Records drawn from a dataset
※

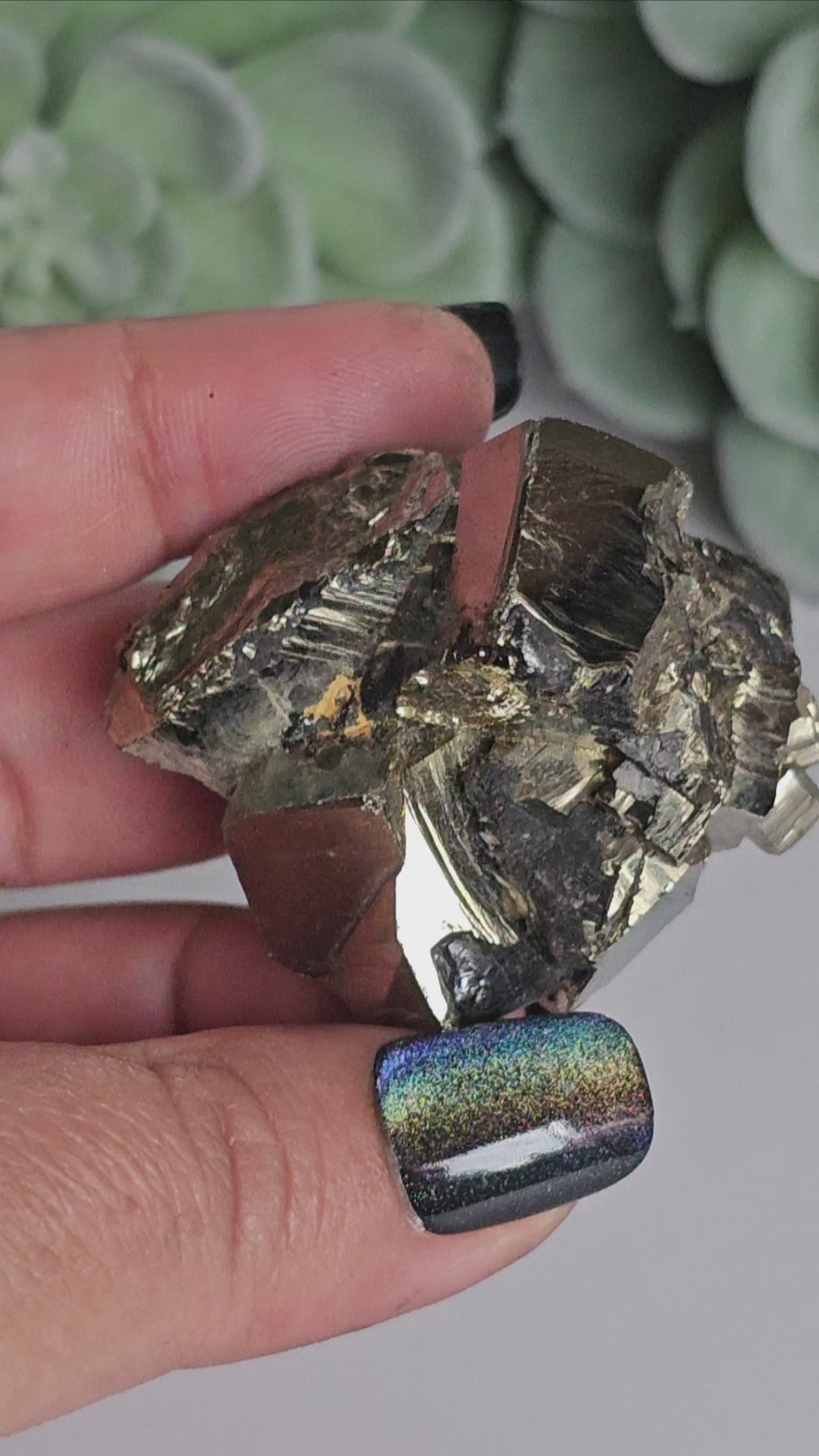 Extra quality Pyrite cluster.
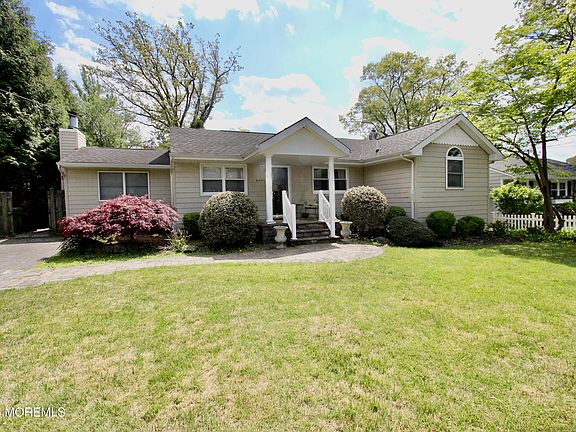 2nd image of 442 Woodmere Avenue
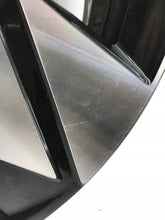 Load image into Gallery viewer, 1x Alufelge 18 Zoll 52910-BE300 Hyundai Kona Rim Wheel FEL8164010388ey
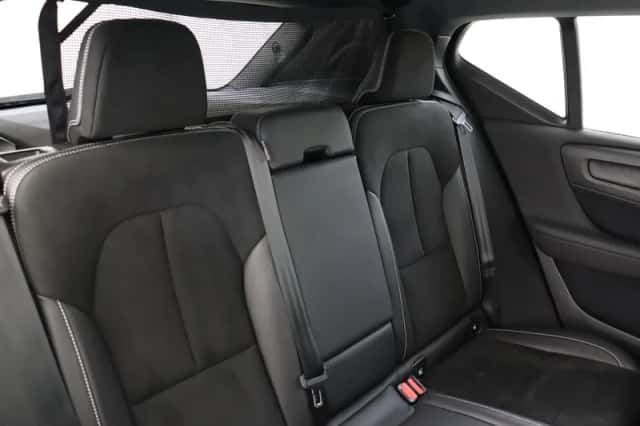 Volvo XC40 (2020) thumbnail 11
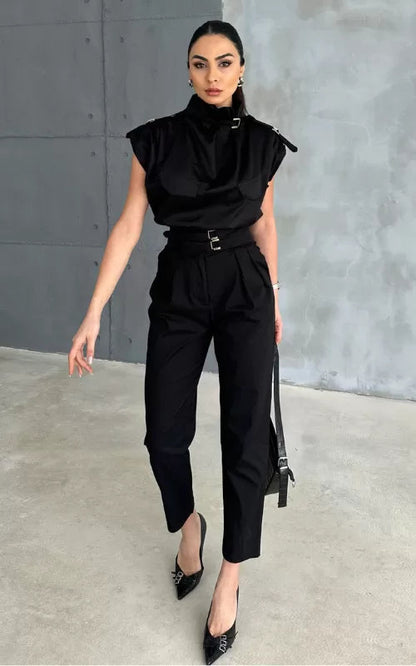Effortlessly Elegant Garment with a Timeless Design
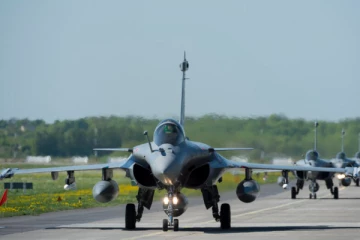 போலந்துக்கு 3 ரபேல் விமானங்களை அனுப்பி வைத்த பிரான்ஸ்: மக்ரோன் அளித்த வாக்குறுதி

※

Task details: Each entry, word for word, belongs in your answer; each picture does not.

Response to the task:
 Extra quality Pyrite cluster.
 2nd image of 442 Woodmere Avenue
 Load image into Gallery viewer, 1x Alufelge 18 Zoll 52910-BE300 Hyundai Kona Rim Wheel FEL8164010388ey
 Volvo XC40 (2020) thumbnail 11
Effortlessly Elegant Garment with a Timeless Design
 போலந்துக்கு 3 ரபேல் விமானங்களை அனுப்பி வைத்த பிரான்ஸ்: மக்ரோன் அளித்த வாக்குறுதி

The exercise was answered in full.